Y en este lugar, con indecible placer recuerda el alma aquellas celebérrimas Academias y escuelas que en otro tiempo florecieron en Europa, a saber: la parisiense, la salmanticense, la complutense, la duacense, la tolosana, la lovaniense, la patavina, la boloniana, la napolitana, la coimbricense y otras muchas. Nadie ignora que la fama de éstas creció en cierto modo con el tiempo, y que las sentencias que se les pedían cuando se agitaban gravísimas cuestiones, tenían mucha autoridad entre los sabios. Pues bien, es cosa fuera de duda que en aquellos grandes emporios del saber humano, como en su reino, dominó como príncipe Tomás, y que los ánimos de todos, tanto maestros como discípulos, descansaron con admirable concordia en el magisterio y autoridad del Doctor Angélico.
Pero lo que es más, los Romanos Pontífices nuestros predecesores, honraron la sabiduría de Tomás de Aquino con singulares elogios y testimonios amplísimos. Pues Clemente VI (26), Nicolás V (27), Benedicto XIII (28) y otros, atestiguan que la Iglesia universal es ilustrada con su admirable doctrina; San Pío V (29), confiesa que con la misma doctrina las herejías, confundidas y vencidas, se disipan, y el universo mundo es libertado cotidianamente; otros, con Clemente XII (30), afirman que de sus doctrinas dimanaron a la Iglesia católica abundantísimos bienes, y que él mismo debe ser venerado con aquel honor que se da a los Sumos Doctores de la Iglesia Gregorio, Ambrosio, Agustín y Jerónimo; otros, finalmente, no dudaron en proponer en las Academias y grandes liceos a Santo Tomás como ejemplar y maestro, a quien debía seguirse con pie firme. Respecto a lo que parecen muy dignas de recordarse las palabras del B. Urbano V: «Queremos, y por las presentes os mandamos, que adoptéis la doctrina del bienaventurado Tomás, como verídica y católica, y procuréis ampliarla con todas vuestras fuerzas» (31). Renovaron el ejemplo de Urbano en la Universidad de estudios de Lovaina Inocencio XII (32), y Benedicto XIV (33), en el Colegio Dionisiano de los Granatenses. Añádase a estos juicios de los Sumos Pontífices, sobre Tomás de Aquino, el testimonio de Inocencio VI, como complemento: «La doctrina de éste tiene sobre las demás, exceptuada la canónica, propiedad en las palabras, orden en las materias, verdad en las sentencias, de tal suerte, que nunca a aquellos que la siguieren se les verá apartarse del camino e la verdad, y siempre será sospechoso de error el que la impugnare» (34).

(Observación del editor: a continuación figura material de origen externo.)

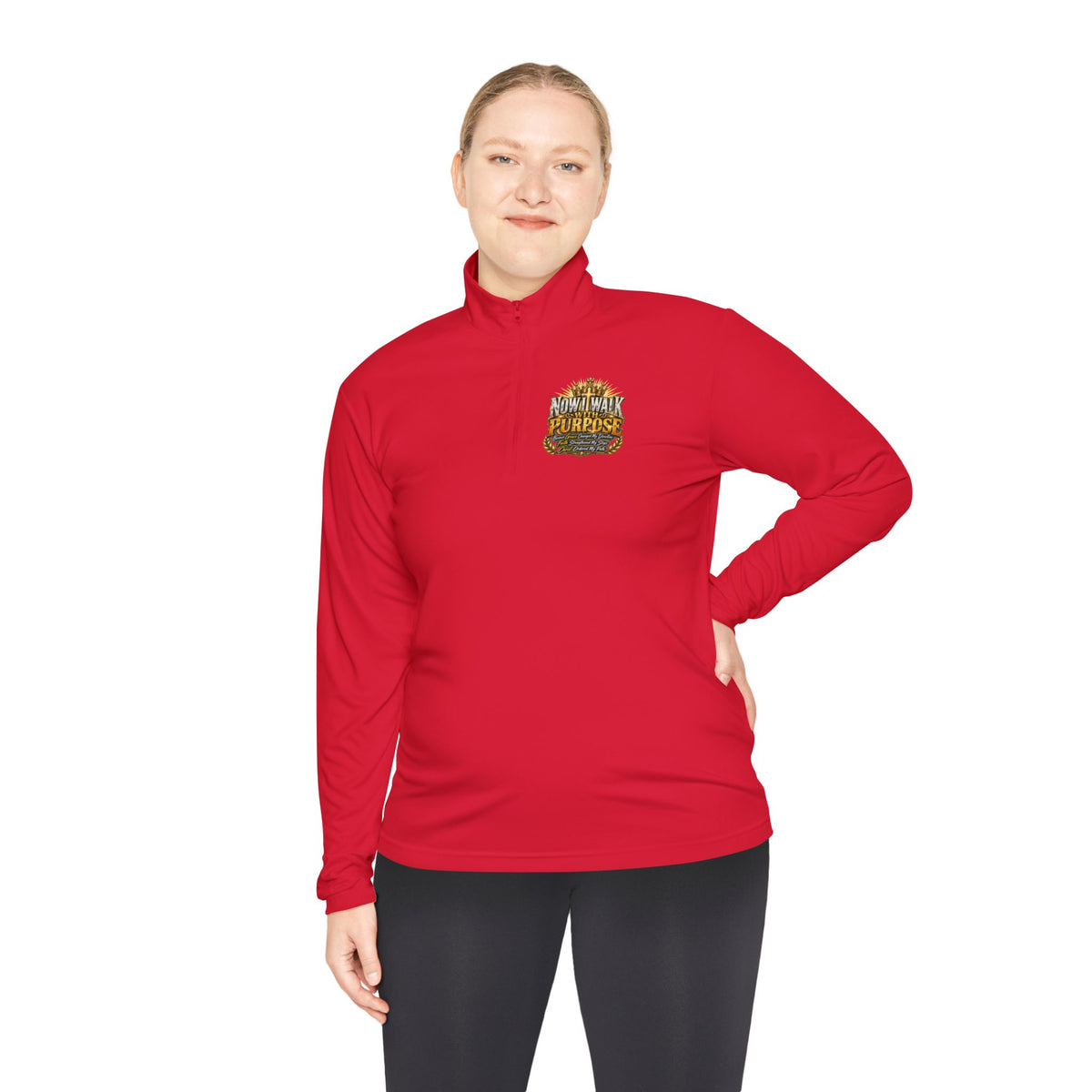 Quarter-Zip Pullover — "Now I Walk With Purpose" Motivational Graphic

También los Concilios Ecuménicos, en los que brilla la flor de la sabiduría escogida en todo el orbe, procuraron perpetuamente tributar honor singular a Tomás de Aquino. En los Concilios de Lyón, de Viene, de Florencia y Vaticano, puede decirse que intervino Tomás en las deliberaciones y decretos de los Padres, y casi fue el presidente, peleando con fuerza ineluctable y faustísimo éxito contra los errores de los griegos, de los herejes y de los racionalistas. Pero la mayor gloria propia de Tomás, alabanza no participada nunca por ninguno de los Doctores católicos, consiste en que los Padres tridentinos, para establecer el orden en el mismo Concilio, quisieron que juntamente con los libros de la Escritura y los decretos de los Sumos Pontífices se viese sobre el altar la Suma de Tomás de Aquino, a la cual se pidiesen consejos, razones y oráculos.

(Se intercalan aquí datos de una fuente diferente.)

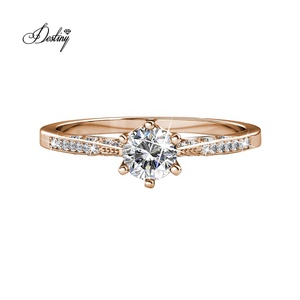 Anello di fidanzamento alla moda dasini impreziosito da cristalli <span class=keywords><strong>Swarovski</strong></span> gioielli in <span class=keywords><strong>argento</strong></span> 925 placcato oro 18K per donna - Product Image 6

Últimamente, también estaba reservada al varón incomparable obtener la palma de conseguir obsequios, alabanzas, admiración de los mismos adversarios del nombre católico. Pues está averiguado que no faltaron jefes de las facciones heréticas que confesasen públicamente que, una vez quitada de en medio la doctrina de Tomás de Aquino, «podían fácilmente entrar en combate con todos los Doctores católicos, y vencerlos y derrotar la Iglesia» (35). Vana esperanza, ciertamente, pero testimonio no vano.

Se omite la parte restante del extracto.